2. Dynamic/late binding.

Unlike static binding, dynamic (late) binding postpones function selection until the program runs. In this case, a compiler can't insert a specific function address into the code in advance. Instead, it generates a special instruction: "At the moment of call, look inside the object, find the current address of the needed function, and only then jump." This provides tremendous flexibility: the program makes decisions on the fly based on which object is currently in front of it (a derived class or a base class), rather than on the pointer type we are using.

Now that we've covered the mechanics of binding, we can answer the question of what virtuality actually is. Virtuality is a mechanism that implements dynamic polymorphism based on late binding. By marking a method with the virtual keyword, we shift it from static binding to late binding. From this point on, the address of the function's entry point is no longer a compile-time constant but a variable whose value derives from the context of a specific object at runtime.

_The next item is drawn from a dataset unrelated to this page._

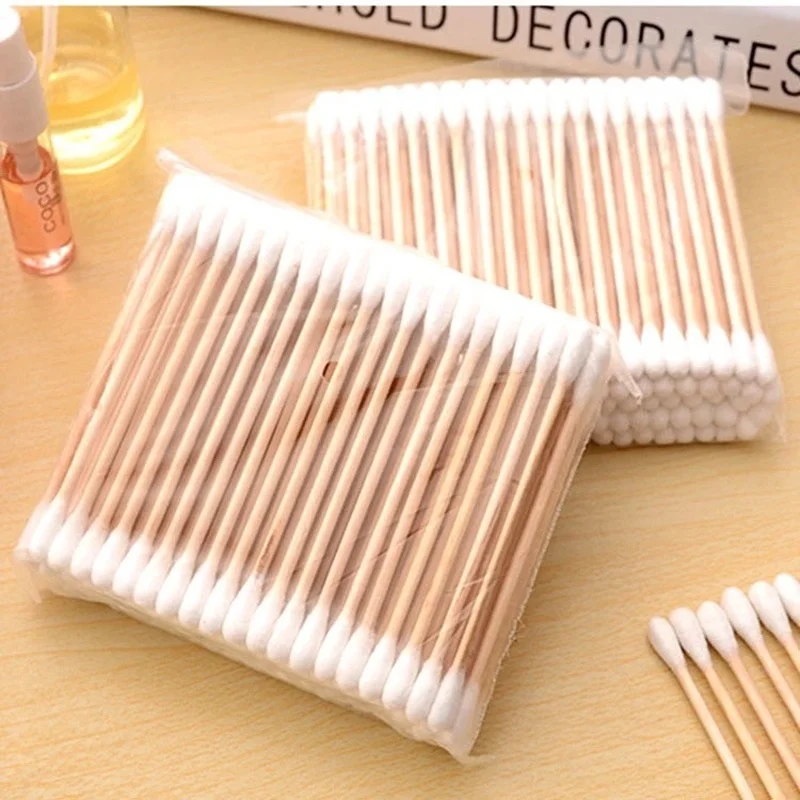 

1 Pack Women Beauty Makeup Cotton Swab Double Head Cotton Buds Make Up Wood Sticks Nose Ears Cleaning Cosmetics Health Care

The C++ standard doesn't specify how virtuality must be implemented, but de facto it follows the rules of specific ABIs (Itanium ABI, MSVC ABI). The key components here are the vtable (Virtual Method Table) and vptr (Virtual Pointer).

Virtual functions

We have unpacked the concept of virtuality, but in practice the main tool for its implementation is the virtual function. Let's see how it works.

Here's a simple class hierarchy where we attempt to override a parent method in a derived class:

class Base
{
public:
  std::string_view NameClass() const {return "Base";}  
};

class Derived : public Base
{
public:
  std::string_view NameClass() const {return "Derived";}
};

Full code fragment

#include <iostream>
#include <format>
#include <string_view>

class Base
{
public:
  std::string_view NameClass() const {return "Base";}  
};

class Derived : public Base
{
public:
  std::string_view NameClass() const {return "Derived";}

};

int main()
{
  Derived derived {};
  Base& base {derived};

  std::cout << "=== Name class ===\n";
  std::cout << "Base has static type " << base.NameClass() <<"\n";
}

Program output

Compiler Explorer

=== Name class ===
Base has static type Base

The result may seem strange. We created a Derived object, but the program insists it's Base. Early bonding is to blame here. The compiler sees the Base& reference and determines the method call at build time. From its perspective, this is a safe and fast optimization—it doesn't have to check what type of object the reference points to while the program is running.

Let's move the decision from compile time to runtime by adding just one word—virtual:

class Base
{
public:
  virtual std::string_view NameClass() const {return "Base";}  
};

class Derived : public Base
{
public:
  std::string_view NameClass() const override {return "Derived";}
};

Full code fragment

#include <iostream>
#include <format>
#include <string_view>

class Base
{
public:
  virtual std::string_view NameClass() const {return "Base";}  
};

class Derived : public Base
{
public:
  std::string_view NameClass() const override {return "Derived";}

};
int main()
{
  Derived derived {};
  Base& base {derived};

  std::cout << "=== Name class ===\n";
  std::cout << "Base has static type " << base.NameClass() <<"\n";
}

Program output

Compiler Explorer

=== Name class===
Base has static type Derived

Seems like it worked out. Despite the reference, the program now sees the object real type in memory. Dynamic binding kicks in: the function address selection occurs at runtime.

Now we can move on to the definition. A virtual function is a class method that is called not based on a reference or pointer type, but on the actual type of the object in memory. The virtual keyword instructs the compiler to replace a direct function call with a dynamic dispatch. This way, a derived class can override the implementation of a base class while maintaining the same structure.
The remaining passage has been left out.